Outage on systems due to update
Incident Report for Ymonitor
Resolved
Dear customers,

We have carried out an infrastructure update on Ymonitor systems between 7 April 20:00 and 8 April 01:00. We did not announce any scheduled maintenance for this update. Because when we tested it on our test and acceptance environments there was no service disruption. Nevertheless, an outage occurred on our production environment during the update. We apologize for the inconvenience that this might have caused and would like to share with you what we know so far about it.

During an infrastructure update on 7 April, because of an unknown reason, we experienced outage on some Ymonitor components. It started at 23:35 (7 April) and lasted until 00:42 (8 April). During this time, the observed effects were the following.

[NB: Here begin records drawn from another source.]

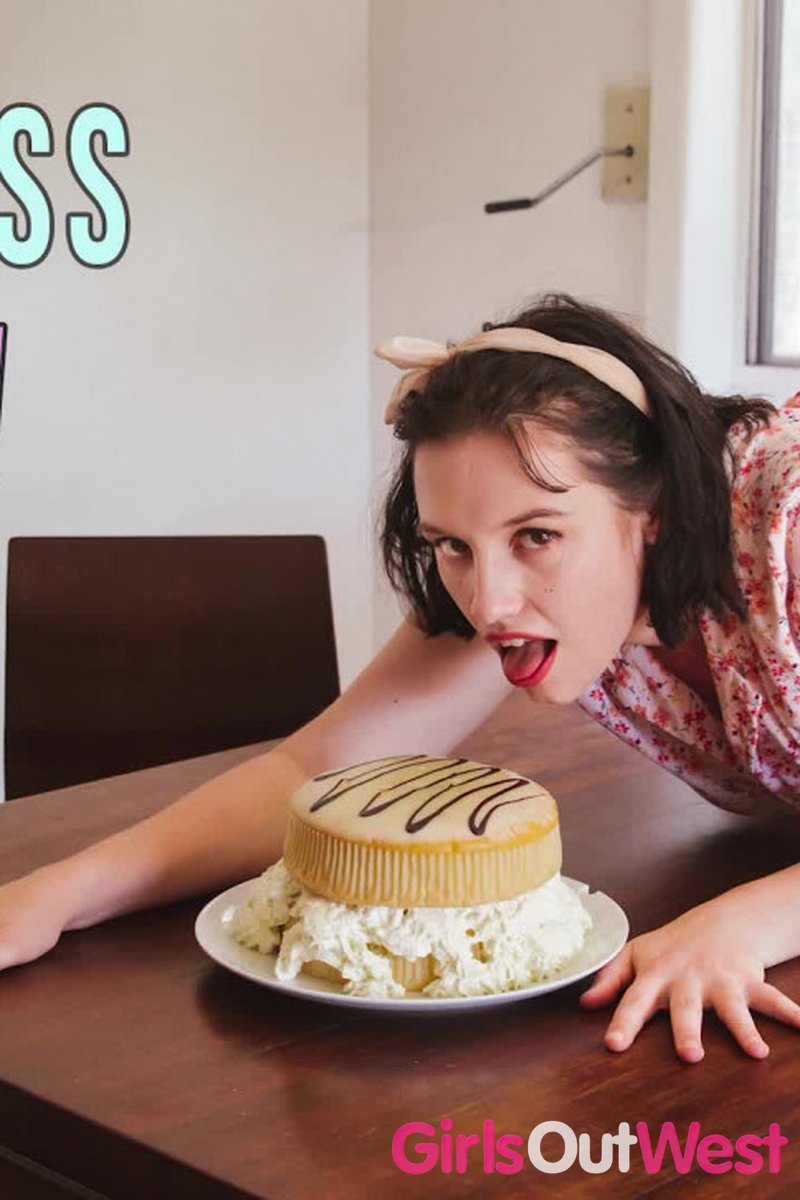 Willow - Sweet Ass - Screenshot 1 of 4 - Brown Hair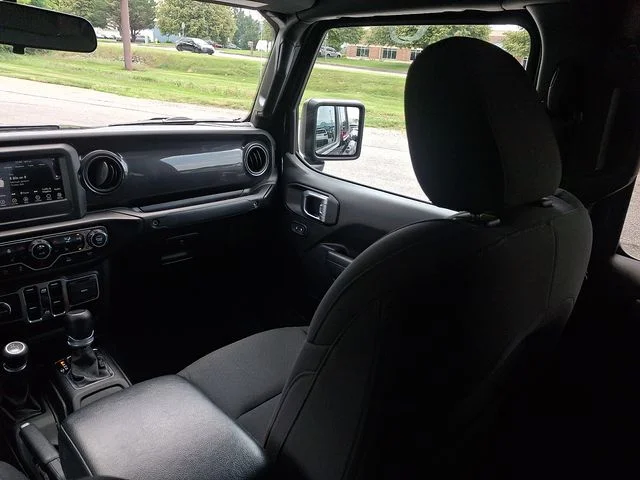 Used 2022 Black Jeep Sport image 16
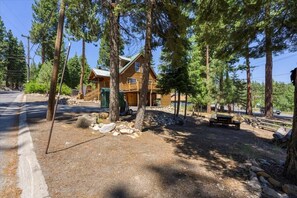 Exterior - Lake view Cabin in Tahoe Vista - Steps to Beach (Tahoe Vista)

If there were any alerts on the monitors during this time, they could not be created. Therefore, they could not be reported by email, SMS, WhatsApp, or any other means. Those alerts are not created after systems went back to normal, either.
Some endpoints that serve the measurement and alert related data could not be reached.
The main webpage and the dashboards were unavailable.
No measurement data was lost during this time. After the above-mentioned time, services started working normally and the measurement data is saved in our databases.

We are currently investigating the root cause of this issue. For now, it seems like a problem occurred with one of our infrastructure suppliers. We have contacted them and asked for further investigation. If we can reveal more information about their findings, we will follow up with more updates here.

Should you have any questions, please feel free to reach out to your service delivery contact.
Posted Apr 08, 2022 - 15:01 CEST
This incident affected: Ymonitor Dashboards, ymonitor.nl, API, Alerting, and YGate API.